DB Version: "Oracle Database 19c Enterprise Edition Release 19.0.0.0.0 - Production
Version 19.15.0.0.0"
We are trying to implement a check that verifies that queued messages on an oracle AQ are dequeued within an acceptable time (through a connection with IBM MQ, using the oracle MGW, although that is irrelevant for this question). Because we have numerous queues to monitor, rather than checking the content of each queue table dynamically, we wrote a query that uses the statistics in V$AQ.
However, we're running into an issue with these statistics, and I'm wondering if anyone has seen this behaviour before or can explain it. At first, it all goes well, all 3 statistics columns (AVERAGE_MSG_AGE, TOTAL_WAIT, and AVERAGE_WAIT) show the number of seconds that the messages have been queued. But after dequeueing and adding a new message, both TOTAL_WAIT and AVERAGE_WAIT get a huge number that does not change anymore, while AVERAGE_MSG_AGE is quite large as well and counts seconds down (instead of up).
This does not seem to be queue or database specific - we see it happening on all queues, and in 4 different environments.
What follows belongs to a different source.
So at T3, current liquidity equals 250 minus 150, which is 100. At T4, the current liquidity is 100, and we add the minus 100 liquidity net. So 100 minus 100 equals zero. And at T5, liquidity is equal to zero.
And the only way to correct the statistics again (temporarily) is dropping and recreating the queue (which for obvious reasons is not something that is acceptable in live environments).
An example:
Created a queue:
begin
dbms_aqadm.create_queue_table( queue_table => 'TEST_VAQ'
, queue_payload_type => 'SYS.MGW_BASIC_MSG_T' );
dbms_aqadm.create_queue( queue_name => 'TEST_VAQ'
, queue_table => 'TEST_VAQ' );
dbms_aqadm.start_queue( queue_name => 'TEST_VAQ' );
end;
Enqueued a message:
declare
l_optns dbms_aq.enqueue_options_t;
l_messg sys.mgw_basic_msg_t;
l_props dbms_aq.message_properties_t;
l_msgid raw(16);
begin
l_messg := sys.mgw_basic_msg_t( null
, sys.mgw_text_value_t( 'test'
, null )
, null );
l_optns.visibility := dbms_aq.immediate;
dbms_aq.enqueue( queue_name => 'TEST_VAQ'
, enqueue_options => l_optns
, message_properties => l_props
, payload => l_messg
, msgid => l_msgid );
end;
Checked the statistics twice, as expected the statistics increase with the number of seconds that sysdate increases:
select name
, waiting
, ready
, expired
, average_msg_age
, total_wait
, average_wait
, sysdate
from v$aq
join user_queues
using (qid)
where name = 'TEST_VAQ';
NAME WAITING READY EXPIRED AVERAGE_MSG_AGE TOTAL_WAIT AVERAGE_WAIT SYSDATE
==== ======= ===== ======= =============== ========== ============ =======
TEST_VAQ 0 1 0 3 3 3 18.08.2023 10:37:03
...
TEST_VAQ 0 1 0 9 9 9 18.08.2023 10:37:09
Dequeued the message (this simulates the dequeue normally performed by the MGW agent):
declare
l_dqopt dbms_aq.dequeue_options_t;
l_mprop dbms_aq.message_properties_array_t;
l_messg pck_mfw_dequeuer.arr_AAMGWBM;
l_msgid dbms_aq.msgid_array_t;
l_msgat integer;
x_dequeue_time_out exception;
pragma exception_init (x_dequeue_time_out, -25228);
begin
l_dqopt.wait := dbms_aq.no_wait;
l_dqopt.visibility := dbms_aq.immediate;
loop
begin
l_msgat := dbms_aq.dequeue_array( queue_name => 'TEST_VAQ'
, dequeue_options => l_dqopt
, array_size => 500
, message_properties_array => l_mprop
, payload_array => l_messg
, msgid_array => l_msgid );
pck_ts_log.nrm('AXI_DEQUEUER', 'SCRIPT', ' l_msgat: ' || to_char(l_msgat));
exit when l_msgat = 0;
exception
when x_dequeue_time_out then
exit;
end;
end loop;
end;
Checked statistics again, is 0 as expected:
NAME WAITING READY EXPIRED AVERAGE_MSG_AGE TOTAL_WAIT AVERAGE_WAIT SYSDATE
==== ======= ===== ======= =============== ========== ============ =======
TEST_VAQ 0 0 0 0 0 0 18.08.2023 10:37:20
Enqueued a new message and checked the statistics. TOTAL_WAIT and AVERAGE_WAIT are fixed numbers now, and AVERAGE_MSG_AGE decreases with the number of seconds that sysdate increases:
NAME WAITING READY EXPIRED AVERAGE_MSG_AGE TOTAL_WAIT AVERAGE_WAIT SYSDATE
==== ======= ===== ======= =============== ========== ============ =======
TEST_VAQ 0 1 0 1145176619 18446744072564400000 18446744072564400000 18.08.2023 10:37:26
...
TEST_VAQ 0 1 0 1145176614 18446744072564400000 18446744072564400000 18.08.2023 10:37:31
No matter how many messages I still en- or dequeue after this, it does not correct itself anymore. Only after dropping the queue and table and recreating them does it reset.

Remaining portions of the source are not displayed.